What Is a Money Services Business in Canada
What Is a Money Services Business in Canada?

A money services business, or MSB, is any business that provides one or more specific financial services defined under Canada’s Proceeds of Crime (Money Laundering) and Terrorist Financing Act. If your business deals in foreign currency, transfers money on behalf of clients, buys or sells cryptocurrency, or issues money orders, you are almost certainly an MSB under Canadian law.

That classification matters because it comes with a federal registration requirement, an ongoing compliance program, and reporting obligations enforced by FINTRAC. Operating as an MSB without registering is a criminal offence.

Here is everything you need to know.

What This Article Covers
  • The legal definition of an MSB under Canadian law
  • The six activities that make a business an MSB under the PCMLTFA
  • What a Foreign Money Services Business is and when you need to register
  • MSB registration: what it means and what comes with it
  • Compliance program, reporting, and client identification obligations
  • Consequences of operating without registration
  • Registering from scratch versus buying an existing MSB

The Legal Definition of an MSB Under Canadian Law

Canada does not define a money services business by size, location, or transaction volume. It defines one by what it does.

Under the PCMLTFA, a business becomes an MSB the moment it begins offering any of the defined services to the public, whether from a storefront, online only, or both. There is no revenue threshold and no grace period before the obligations apply.

Registration and all compliance obligations start from the first transaction.


The Six MSB Activities Under the PCMLTFA

If your business provides any of the following services, you are an MSB in Canada.

1

Foreign Currency Exchange

FX Exchange

Buying or selling foreign currency for clients. This includes any business that exchanges Canadian dollars for another currency or converts one foreign currency to another on behalf of a customer.

A currency exchange kiosk at an airport, a travel money desk at a retail store, and a digital platform that lets users buy foreign currency online all fall into this category.

2

Funds or Value Transfer

Money Transfer

Sending or receiving money on behalf of clients. This covers any service that takes funds from one person and delivers them, or an equivalent value, to another person, whether in Canada or abroad.

Remittance services, international wire transfer platforms, and informal value transfer networks all fall under this definition. The physical movement of cash is not required. The transfer of value is enough.

3

Issuing or Redeeming Monetary Instruments

Instruments

Selling or cashing money orders, traveller’s cheques, or similar instruments.

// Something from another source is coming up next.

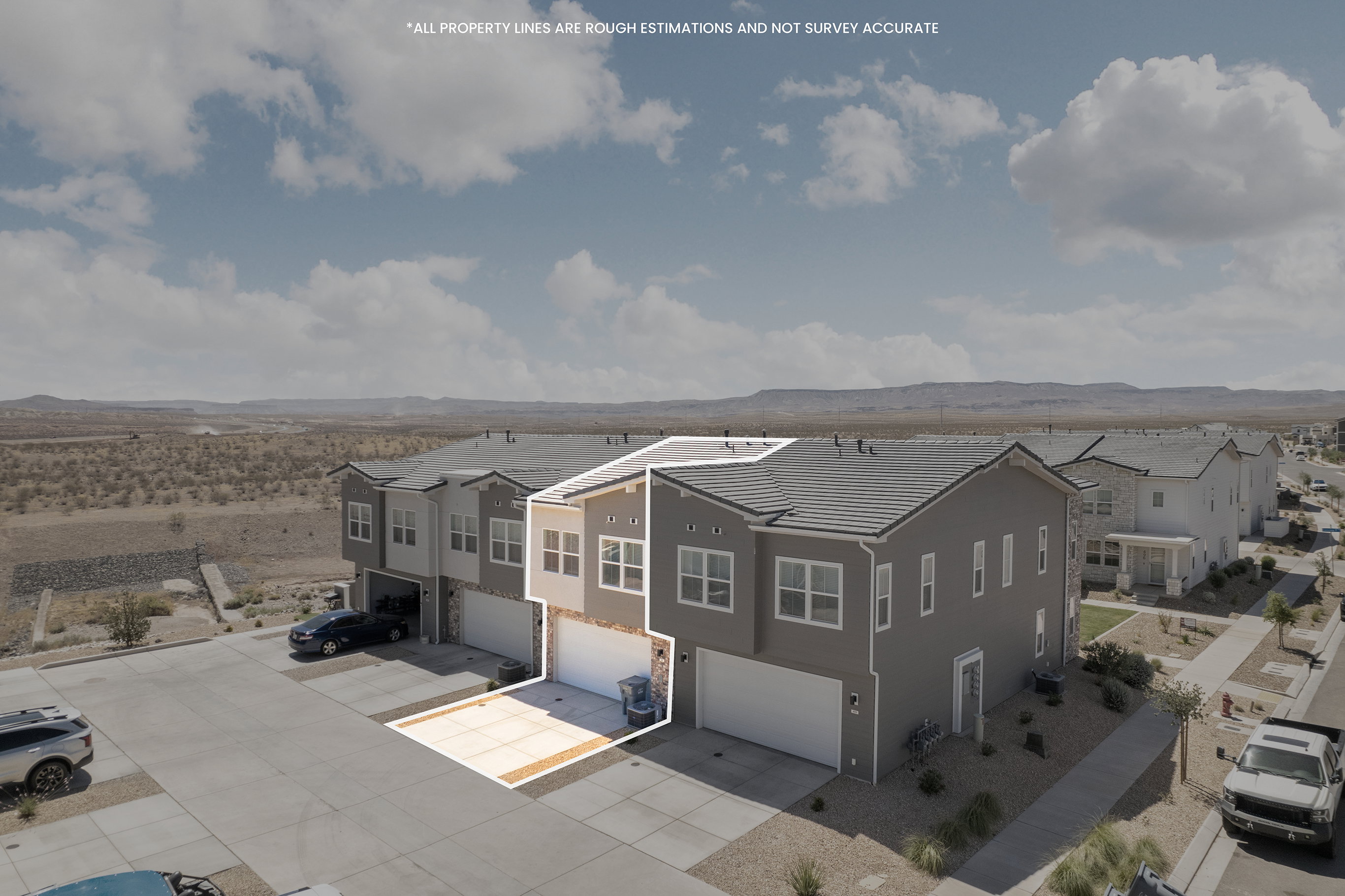 Modern townhome exterior featuring an attached garage, paved driveway, and stone accents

This includes any business that issues these instruments to clients or accepts them for redemption in exchange for cash or credit.

4

Dealing in Virtual Currency

Crypto

Buying or selling cryptocurrency or other virtual currencies on behalf of clients, or exchanging one form of virtual currency for another. This includes cryptocurrency exchange platforms, over-the-counter cryptocurrency dealers, and any business that facilitates virtual currency transactions as a service.

This category has expanded the MSB registration requirement significantly. Many businesses that started out handling only crypto transactions discovered they were MSBs under Canadian law only after they were already operating.

5

Crowdfunding Platform Services

Crowdfunding

Operating a platform that receives funds from the public to fund projects, causes, or individuals. FINTRAC added this category to address the money laundering risk in crowdfunding models that move significant volumes of money outside traditional financial channels.

6

Payment Service Provider Services

Payments

Processing payments on behalf of merchants or individuals. This category captures newer fintech models that provide payment processing, digital wallet services, or similar functions that sit outside the traditional banking system.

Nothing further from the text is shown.